Data plays a very important role in healthcare — aiding in care and business decisions. But with access to an abundance of datasets, deciphering which information is valuable can be a challenge. The first step, however, is to ensure the right data hygiene process is in place.
Clean data leads to better insights and risk prediction — and improved profitability. As you consider the quality of your data, the following best practices should be employed:
Process. Put steps in place to ensure data is clean — otherwise, you’re unlikely to have reliable insights. When it comes to patient-related data, a uniform enterprise master patient index (EMPI) tool is a great starting point.
Accuracy. Confirm contact information is correct. When patients/members move or change phone numbers, they don’t always update you. Having a process in place to help identify errors and precisely match information can save time and money.
Maintenance. Regularly review your data cleansing processes and make updates as needed. As the industry changes and more data becomes available, it’s important to continually adapt and improve your efforts. This regular maintenance may help identify holes in infrastructure, information and security.

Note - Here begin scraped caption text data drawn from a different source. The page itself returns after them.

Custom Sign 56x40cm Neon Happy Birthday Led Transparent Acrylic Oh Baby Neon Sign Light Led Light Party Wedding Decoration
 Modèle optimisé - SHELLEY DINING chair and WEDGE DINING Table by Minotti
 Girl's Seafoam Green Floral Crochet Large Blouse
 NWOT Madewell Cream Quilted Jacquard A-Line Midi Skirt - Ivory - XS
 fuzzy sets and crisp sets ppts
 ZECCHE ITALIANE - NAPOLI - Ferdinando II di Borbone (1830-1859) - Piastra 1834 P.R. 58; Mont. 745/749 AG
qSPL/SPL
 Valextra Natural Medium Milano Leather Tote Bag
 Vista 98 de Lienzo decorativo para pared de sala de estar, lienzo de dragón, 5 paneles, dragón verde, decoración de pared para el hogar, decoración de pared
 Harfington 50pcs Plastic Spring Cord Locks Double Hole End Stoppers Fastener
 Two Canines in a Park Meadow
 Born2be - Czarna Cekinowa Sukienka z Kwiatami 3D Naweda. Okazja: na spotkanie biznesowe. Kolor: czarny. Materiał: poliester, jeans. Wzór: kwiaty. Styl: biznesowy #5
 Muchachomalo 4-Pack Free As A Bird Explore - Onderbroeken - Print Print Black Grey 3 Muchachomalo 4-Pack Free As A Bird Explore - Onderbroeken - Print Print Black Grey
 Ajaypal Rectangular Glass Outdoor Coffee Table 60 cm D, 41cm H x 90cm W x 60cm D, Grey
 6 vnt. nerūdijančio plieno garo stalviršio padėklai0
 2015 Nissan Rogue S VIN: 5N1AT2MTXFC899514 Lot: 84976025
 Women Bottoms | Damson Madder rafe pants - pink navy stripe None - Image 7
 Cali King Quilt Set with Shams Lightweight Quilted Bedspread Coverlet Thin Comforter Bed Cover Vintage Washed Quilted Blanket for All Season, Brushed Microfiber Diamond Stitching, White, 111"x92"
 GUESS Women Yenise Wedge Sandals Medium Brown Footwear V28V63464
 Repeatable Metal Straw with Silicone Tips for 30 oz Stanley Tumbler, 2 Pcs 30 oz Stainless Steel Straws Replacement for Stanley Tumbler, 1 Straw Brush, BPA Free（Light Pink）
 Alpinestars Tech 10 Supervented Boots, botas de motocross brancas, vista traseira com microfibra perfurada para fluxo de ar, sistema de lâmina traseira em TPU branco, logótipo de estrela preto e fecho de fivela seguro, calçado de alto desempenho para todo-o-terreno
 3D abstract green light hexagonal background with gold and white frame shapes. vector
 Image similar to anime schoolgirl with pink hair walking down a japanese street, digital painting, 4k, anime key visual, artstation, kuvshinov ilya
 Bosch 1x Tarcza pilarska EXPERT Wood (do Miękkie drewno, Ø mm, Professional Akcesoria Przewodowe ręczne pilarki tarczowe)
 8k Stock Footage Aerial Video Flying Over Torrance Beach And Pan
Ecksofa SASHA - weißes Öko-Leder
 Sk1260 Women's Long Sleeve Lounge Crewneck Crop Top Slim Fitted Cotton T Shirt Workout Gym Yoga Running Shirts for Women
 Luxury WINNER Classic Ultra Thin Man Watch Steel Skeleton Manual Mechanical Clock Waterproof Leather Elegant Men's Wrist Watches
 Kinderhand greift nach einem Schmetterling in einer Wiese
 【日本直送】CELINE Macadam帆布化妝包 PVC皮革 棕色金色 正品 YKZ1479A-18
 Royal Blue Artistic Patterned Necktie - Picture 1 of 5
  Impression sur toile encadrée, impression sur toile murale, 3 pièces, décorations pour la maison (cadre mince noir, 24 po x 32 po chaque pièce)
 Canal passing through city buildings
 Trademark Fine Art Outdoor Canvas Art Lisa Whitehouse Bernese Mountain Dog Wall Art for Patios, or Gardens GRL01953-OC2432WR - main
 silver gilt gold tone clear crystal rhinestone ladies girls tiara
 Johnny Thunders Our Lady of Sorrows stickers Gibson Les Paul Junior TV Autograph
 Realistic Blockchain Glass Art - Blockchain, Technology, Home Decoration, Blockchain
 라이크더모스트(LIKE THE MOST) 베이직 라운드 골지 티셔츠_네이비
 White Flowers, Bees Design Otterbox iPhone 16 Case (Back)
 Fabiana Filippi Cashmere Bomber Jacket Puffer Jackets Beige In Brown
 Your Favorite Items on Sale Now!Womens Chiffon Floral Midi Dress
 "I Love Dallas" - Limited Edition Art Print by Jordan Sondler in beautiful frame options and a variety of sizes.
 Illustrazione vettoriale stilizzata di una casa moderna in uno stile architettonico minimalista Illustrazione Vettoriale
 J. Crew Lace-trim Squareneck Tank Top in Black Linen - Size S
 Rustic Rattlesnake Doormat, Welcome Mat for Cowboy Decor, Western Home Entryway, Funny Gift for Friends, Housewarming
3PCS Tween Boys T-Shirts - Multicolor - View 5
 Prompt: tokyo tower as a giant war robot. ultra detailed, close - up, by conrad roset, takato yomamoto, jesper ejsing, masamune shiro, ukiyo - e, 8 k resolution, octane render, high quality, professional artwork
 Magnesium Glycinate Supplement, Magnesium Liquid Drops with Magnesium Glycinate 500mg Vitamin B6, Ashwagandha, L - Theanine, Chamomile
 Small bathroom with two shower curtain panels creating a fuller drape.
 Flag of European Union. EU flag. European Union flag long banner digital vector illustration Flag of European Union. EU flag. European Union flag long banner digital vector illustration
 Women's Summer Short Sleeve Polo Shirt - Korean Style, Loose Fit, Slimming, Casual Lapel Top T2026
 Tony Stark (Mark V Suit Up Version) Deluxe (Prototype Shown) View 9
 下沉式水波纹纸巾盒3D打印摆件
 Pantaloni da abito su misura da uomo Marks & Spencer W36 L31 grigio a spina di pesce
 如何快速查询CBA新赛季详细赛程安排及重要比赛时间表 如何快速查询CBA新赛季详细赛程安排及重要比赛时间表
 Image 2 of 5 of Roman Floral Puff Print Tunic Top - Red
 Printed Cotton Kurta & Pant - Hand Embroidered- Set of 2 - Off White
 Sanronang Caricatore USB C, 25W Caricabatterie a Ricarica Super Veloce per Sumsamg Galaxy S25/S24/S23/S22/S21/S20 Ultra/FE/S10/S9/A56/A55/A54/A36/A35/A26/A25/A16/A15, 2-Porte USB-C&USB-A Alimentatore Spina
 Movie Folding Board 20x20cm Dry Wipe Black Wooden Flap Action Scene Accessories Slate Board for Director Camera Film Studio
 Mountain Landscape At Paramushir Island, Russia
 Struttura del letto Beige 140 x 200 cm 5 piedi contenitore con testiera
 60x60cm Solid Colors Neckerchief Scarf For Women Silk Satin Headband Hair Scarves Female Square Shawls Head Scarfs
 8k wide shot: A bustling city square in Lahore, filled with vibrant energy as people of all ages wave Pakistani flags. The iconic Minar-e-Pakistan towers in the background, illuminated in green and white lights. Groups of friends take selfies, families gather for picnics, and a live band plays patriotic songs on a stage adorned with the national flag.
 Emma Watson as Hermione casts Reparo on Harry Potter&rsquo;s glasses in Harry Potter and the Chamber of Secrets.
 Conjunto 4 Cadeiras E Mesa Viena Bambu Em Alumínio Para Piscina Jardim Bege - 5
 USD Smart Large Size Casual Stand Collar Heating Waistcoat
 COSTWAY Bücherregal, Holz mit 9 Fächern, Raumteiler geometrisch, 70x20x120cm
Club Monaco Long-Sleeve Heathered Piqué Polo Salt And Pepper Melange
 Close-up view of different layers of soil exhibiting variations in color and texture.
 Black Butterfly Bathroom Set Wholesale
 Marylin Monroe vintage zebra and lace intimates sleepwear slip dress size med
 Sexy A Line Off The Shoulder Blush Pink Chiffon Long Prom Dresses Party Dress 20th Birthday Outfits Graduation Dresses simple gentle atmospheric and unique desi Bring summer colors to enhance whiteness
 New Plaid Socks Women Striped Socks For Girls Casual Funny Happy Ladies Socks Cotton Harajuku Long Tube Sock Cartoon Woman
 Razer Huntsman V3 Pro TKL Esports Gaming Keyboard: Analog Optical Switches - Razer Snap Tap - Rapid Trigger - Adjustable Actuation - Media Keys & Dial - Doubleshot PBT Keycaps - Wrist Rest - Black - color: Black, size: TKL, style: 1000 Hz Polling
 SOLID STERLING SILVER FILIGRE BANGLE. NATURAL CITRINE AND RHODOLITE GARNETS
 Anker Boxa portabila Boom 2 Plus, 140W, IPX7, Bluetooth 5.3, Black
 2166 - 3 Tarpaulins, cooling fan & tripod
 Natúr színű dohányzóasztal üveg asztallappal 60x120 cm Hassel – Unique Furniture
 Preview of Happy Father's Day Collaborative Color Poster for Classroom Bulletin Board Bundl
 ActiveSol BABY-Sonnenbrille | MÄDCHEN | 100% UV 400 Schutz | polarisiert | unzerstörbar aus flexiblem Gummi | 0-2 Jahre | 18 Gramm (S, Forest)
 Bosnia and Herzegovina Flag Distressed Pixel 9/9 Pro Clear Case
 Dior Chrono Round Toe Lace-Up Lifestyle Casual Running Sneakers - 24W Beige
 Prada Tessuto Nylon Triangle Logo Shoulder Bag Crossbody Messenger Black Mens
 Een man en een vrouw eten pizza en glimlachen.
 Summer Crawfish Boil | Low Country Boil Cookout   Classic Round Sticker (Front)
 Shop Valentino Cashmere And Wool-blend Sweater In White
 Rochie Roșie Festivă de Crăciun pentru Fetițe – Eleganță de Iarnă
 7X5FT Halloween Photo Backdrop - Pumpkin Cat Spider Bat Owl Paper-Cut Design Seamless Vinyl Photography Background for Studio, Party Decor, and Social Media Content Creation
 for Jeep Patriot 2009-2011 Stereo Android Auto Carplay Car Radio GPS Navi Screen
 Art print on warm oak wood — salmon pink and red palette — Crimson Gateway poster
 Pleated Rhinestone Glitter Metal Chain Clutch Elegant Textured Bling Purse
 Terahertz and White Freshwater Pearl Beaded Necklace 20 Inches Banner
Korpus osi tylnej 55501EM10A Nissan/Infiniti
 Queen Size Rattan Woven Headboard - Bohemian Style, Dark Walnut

Per an analysis done by Accenture, payers can realize up to $7 billion in value over the course of a year and half by using artificial intelligence-driven solutions.1 As for providers, a recent Black Book survey found 93% think data analytics is crucial to meet industry demands.2
Data fuels smarter, more automated workflows. As data-driven insights become more commonplace, it’s imperative to take a close look at your data strategies — where clean data should be front and center.